Cisne Negro (Black Swan – 2010)
Como a pintura Rorschach que ornamenta o ambiente em uma das cenas chave da trama, o filme é passível a múltiplas interpretações. A pintura também representa a essência da obra, em que a protagonista valida o conceito freudiano da projeção, inconscientemente atribuindo características negativas de sua própria personalidade a outros personagens (especialmente Lily e sua mãe, que acredito ser uma criação de sua mente). Escolhendo contar sua história a partir do ponto de vista da protagonista, o diretor nunca deixa claro para o público se o que ele vê é real ou uma projeção da mente perturbada da jovem. Darren Aronofsky idealizou o projeto após ficar fascinado com “O Duplo” de Dostoiévski e imaginar uma analogia com a trama do balé “O Lago dos Cisnes” de Tchaikovsky, que também abordava o conceito de identidade. A escolha pelo mundo das bailarinas não poderia ter sido melhor, posto que provavelmente seja aquele em que a busca ininterrupta pela perfeição esteja mais presente (o culto à imagem, expressado sutilmente nos vários espelhos e reflexos no chão). As bailarinas perseguem uma perfeição impossível de ser alcançada e terminam destruindo seus corpos neste cruel processo.
Ela (Her – 2013)
O que nos faz humanos?
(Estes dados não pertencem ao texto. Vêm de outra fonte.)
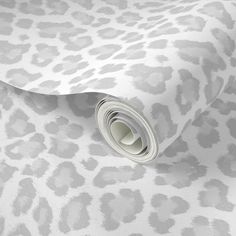 a white and grey wallpaper with an animal print pattern on the bottom half of it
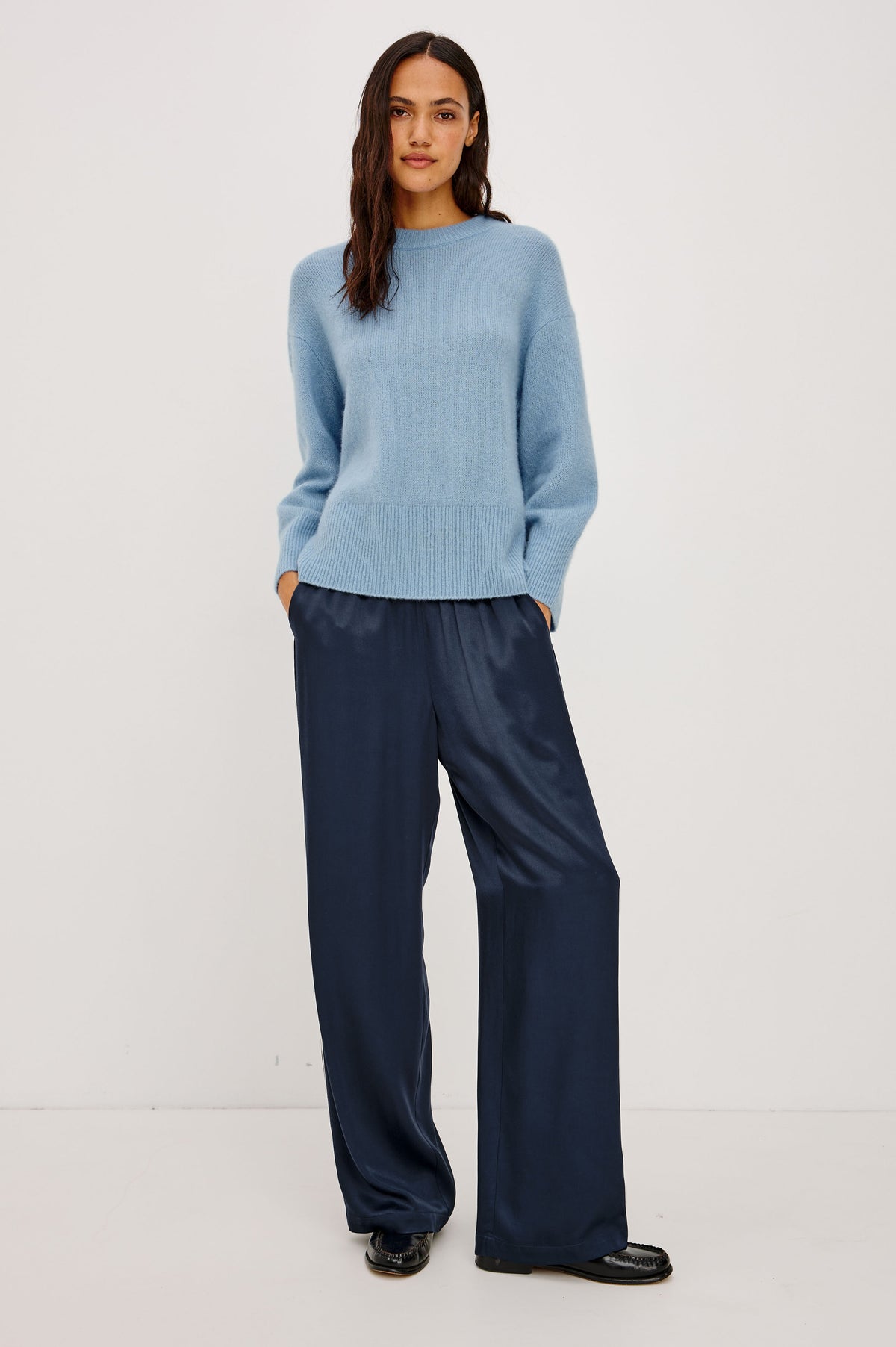 Merida Track Pant in Satin-Back Crepe With Elastic Waist, Side Slant Pockets, Wide Legs, and Contrast Side Stripes in Navy Colorway - Front Full Body View Featured on Model.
A capacidade de sermos afetados pelo outro, sentir compaixão e desejo. O protagonista vivido por Joaquin Phoenix trabalha inserindo emoções no subconsciente de estranhos, criando cartas escritas à mão para seus clientes. O futuro se mostra através de aparatos tecnológicos requintados, mas a realidade dos homens é exatamente a que vivemos hoje: pessoas que se cruzam nas ruas e não se encaram; corpos carentes de calor humano mesmo quando próximos. A terrível solidão que se experimenta em grupo. Samantha (Johansson), a voz feminina do sistema operacional, uma ideia que gradualmente se revela através da percepção de Theodore (Phoenix), personificando o elemento que carecia na vida dele: algo/alguém que se importa. Só que ela não é real, mas apenas o resultado de uma dedicada pesquisa no banco de dados dele. Ela suspira, não por necessitar de oxigênio, mas por perceber o efeito no processo de identificação (Freud considerava “a mais remota expressão de um laço emocional com outra pessoa”) que esse simples som causa no ser humano. E, tão interessante quanto, temos a personagem vivida por Amy Adams, única mulher com quem ele se relaciona sem demonstrar insegurança. Ela defende uma das melhores frases, o leitmotiv da obra: “Apaixonar-se é uma loucura. É como uma forma de insanidade socialmente aceitável”.